Multi-Level Temporal Graph Networks with Local-Global Fusion for Industrial Fault Diagnosis
Summary: arXiv:2604.18765v1 Announce Type: cross
Abstract
Fault detection and diagnosis are critical for the optimal and safe operation of industrial processes. The correlations among sensors often display non-Euclidean structures where graph neural networks (GNNs) are widely used therein. However, for large-scale systems, local, global, and dynamic relations extensively exist among sensors, and traditional GNNs often overlook such complex and multi-level structures for various problems including the fault diagnosis. To address this issue, we propose a structure-aware multi-level temporal graph network with local-global feature fusion for industrial fault diagnosis.
Key Features of the Proposed Model
- Dynamic Correlation Graph Construction: A correlation graph is dynamically constructed using Pearson correlation coefficients to capture relationships among process variables.
- Temporal Feature Extraction: Temporal features are extracted through long short-term memory (LSTM)-based encoder, ensuring that time-dependent information is effectively utilized in the diagnosis process.
- Spatial Dependency Learning: Spatial dependencies among sensors are learned through graph convolution layers, allowing for a more comprehensive understanding of sensor interactions.

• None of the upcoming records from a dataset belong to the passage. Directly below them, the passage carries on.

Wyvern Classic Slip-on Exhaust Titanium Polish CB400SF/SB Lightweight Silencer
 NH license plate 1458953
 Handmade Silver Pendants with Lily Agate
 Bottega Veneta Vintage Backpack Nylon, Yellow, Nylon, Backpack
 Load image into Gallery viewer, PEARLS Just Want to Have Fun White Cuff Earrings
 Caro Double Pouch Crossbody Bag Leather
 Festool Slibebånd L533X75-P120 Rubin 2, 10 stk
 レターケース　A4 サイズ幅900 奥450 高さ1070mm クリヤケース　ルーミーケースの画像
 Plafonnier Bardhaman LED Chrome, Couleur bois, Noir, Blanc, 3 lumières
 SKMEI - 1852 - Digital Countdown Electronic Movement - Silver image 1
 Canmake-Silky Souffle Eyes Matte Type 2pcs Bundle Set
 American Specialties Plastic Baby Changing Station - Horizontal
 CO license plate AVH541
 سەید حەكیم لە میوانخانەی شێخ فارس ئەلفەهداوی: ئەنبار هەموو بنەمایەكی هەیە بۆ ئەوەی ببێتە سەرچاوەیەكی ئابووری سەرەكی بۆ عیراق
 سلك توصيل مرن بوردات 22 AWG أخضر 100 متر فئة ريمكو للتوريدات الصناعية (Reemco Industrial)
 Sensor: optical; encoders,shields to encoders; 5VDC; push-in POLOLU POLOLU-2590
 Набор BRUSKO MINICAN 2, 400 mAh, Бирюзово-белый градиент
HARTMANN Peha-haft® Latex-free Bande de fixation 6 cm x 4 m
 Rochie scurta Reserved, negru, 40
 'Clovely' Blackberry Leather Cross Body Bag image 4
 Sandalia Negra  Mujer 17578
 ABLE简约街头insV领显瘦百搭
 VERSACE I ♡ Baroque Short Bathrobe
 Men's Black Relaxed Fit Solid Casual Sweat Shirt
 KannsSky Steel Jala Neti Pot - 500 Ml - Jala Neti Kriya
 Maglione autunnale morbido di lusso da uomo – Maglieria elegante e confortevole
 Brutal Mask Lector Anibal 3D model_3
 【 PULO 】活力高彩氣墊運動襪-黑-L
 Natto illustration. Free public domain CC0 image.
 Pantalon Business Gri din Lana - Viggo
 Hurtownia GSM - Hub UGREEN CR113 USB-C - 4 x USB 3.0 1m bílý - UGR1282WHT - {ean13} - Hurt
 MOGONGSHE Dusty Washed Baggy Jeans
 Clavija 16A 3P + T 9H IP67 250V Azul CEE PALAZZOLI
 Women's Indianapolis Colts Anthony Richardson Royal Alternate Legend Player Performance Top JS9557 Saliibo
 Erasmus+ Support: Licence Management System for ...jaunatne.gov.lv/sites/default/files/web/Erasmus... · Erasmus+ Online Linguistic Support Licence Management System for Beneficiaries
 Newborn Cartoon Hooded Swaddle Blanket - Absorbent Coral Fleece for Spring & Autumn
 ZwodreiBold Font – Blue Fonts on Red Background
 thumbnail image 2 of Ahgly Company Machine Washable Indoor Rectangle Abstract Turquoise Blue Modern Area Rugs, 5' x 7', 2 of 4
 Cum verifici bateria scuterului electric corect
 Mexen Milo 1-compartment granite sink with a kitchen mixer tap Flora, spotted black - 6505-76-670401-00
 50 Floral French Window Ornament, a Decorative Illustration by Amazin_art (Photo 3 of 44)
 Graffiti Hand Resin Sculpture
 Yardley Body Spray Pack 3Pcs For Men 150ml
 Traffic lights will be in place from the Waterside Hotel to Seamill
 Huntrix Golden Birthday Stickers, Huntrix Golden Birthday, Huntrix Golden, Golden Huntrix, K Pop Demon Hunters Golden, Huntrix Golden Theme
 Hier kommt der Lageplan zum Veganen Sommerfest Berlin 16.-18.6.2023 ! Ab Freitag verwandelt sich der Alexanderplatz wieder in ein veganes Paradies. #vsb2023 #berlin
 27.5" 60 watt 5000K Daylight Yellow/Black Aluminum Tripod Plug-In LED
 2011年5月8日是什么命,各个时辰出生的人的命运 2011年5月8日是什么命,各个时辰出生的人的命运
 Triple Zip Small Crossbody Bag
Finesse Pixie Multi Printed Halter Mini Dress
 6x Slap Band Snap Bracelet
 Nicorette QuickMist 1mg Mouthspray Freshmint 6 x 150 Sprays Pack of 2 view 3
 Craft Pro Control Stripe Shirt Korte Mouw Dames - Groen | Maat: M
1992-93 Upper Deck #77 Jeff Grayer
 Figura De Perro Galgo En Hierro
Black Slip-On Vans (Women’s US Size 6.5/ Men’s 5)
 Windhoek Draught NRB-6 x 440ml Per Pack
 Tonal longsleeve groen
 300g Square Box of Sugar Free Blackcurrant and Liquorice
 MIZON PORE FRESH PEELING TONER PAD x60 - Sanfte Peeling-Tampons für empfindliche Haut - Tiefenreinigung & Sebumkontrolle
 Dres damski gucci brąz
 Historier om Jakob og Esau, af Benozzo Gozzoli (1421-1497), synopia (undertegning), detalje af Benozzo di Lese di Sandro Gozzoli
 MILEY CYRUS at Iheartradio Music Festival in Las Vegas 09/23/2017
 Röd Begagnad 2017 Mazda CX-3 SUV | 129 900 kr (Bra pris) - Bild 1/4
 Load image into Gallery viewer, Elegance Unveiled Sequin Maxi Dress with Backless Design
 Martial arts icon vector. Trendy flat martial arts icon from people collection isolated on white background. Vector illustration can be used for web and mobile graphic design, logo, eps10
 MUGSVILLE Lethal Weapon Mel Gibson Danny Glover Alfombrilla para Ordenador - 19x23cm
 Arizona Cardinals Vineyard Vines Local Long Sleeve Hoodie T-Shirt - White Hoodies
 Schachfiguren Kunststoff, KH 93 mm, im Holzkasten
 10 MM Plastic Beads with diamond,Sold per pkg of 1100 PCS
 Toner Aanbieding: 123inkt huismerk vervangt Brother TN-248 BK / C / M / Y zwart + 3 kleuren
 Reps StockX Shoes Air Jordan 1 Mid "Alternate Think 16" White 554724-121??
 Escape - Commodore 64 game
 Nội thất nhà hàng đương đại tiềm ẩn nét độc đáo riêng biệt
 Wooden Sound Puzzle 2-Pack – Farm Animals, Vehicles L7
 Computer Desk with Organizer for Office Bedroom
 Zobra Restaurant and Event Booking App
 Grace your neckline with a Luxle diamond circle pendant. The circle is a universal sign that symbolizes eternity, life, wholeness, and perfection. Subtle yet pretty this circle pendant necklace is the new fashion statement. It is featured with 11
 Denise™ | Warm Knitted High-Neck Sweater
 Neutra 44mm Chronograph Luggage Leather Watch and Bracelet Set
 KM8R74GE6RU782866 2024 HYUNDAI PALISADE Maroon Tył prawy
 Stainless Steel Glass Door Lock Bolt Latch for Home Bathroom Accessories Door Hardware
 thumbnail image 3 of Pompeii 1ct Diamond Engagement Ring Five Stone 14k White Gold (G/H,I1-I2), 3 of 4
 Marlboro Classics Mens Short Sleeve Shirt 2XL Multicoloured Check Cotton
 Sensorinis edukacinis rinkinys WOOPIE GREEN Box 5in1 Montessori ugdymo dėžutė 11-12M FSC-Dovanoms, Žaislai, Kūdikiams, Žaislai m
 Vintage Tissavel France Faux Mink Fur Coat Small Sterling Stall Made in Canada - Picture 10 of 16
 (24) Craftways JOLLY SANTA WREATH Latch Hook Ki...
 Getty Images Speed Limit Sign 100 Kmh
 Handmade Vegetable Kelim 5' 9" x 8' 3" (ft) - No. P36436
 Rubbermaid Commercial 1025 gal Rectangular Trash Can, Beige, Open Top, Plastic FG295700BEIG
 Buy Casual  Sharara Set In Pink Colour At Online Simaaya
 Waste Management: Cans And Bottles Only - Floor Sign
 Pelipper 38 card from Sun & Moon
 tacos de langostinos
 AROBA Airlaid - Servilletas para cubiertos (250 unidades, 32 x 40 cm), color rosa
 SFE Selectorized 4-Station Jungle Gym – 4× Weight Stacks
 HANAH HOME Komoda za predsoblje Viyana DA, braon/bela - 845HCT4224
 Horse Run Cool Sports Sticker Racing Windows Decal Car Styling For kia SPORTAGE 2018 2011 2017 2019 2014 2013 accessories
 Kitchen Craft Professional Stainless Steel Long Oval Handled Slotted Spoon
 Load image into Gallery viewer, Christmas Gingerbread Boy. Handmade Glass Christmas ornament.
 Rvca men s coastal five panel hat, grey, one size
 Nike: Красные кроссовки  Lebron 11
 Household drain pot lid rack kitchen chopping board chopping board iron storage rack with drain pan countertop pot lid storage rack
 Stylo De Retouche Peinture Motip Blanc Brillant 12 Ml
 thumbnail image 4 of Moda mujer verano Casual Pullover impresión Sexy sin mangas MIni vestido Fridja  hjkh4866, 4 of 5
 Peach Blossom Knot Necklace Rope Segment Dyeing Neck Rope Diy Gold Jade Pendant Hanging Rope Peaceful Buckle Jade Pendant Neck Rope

- Multi-Level Pooling Mechanism: A multi-level pooling mechanism is employed to gradually coarsen and learn meaningful graph structures, capturing higher-level patterns while retaining important fault-related details.
- Local-Global Feature Fusion: A fusion step is applied to integrate both detailed local features and overall global patterns before making the final prediction.
Experimental Evaluations
To validate the effectiveness of our proposed model, we conducted extensive experiments on the Tennessee Eastman Process (TEP). The results demonstrate that the model not only achieves superior fault diagnosis performance but also excels in handling complex fault scenarios. The proposed approach significantly outperforms various baseline methods, highlighting its robustness and efficiency in real-world applications.
Conclusion
The integration of local-global feature fusion in a multi-level temporal graph network represents a significant advancement in industrial fault diagnosis. By capturing complex relationships among sensors and incorporating both temporal and spatial dependencies, our model offers a more nuanced and effective solution for identifying faults in large-scale industrial systems. This research paves the way for more reliable and safe operations in various industrial processes, emphasizing the importance of innovative approaches in tackling modern challenges in fault diagnosis.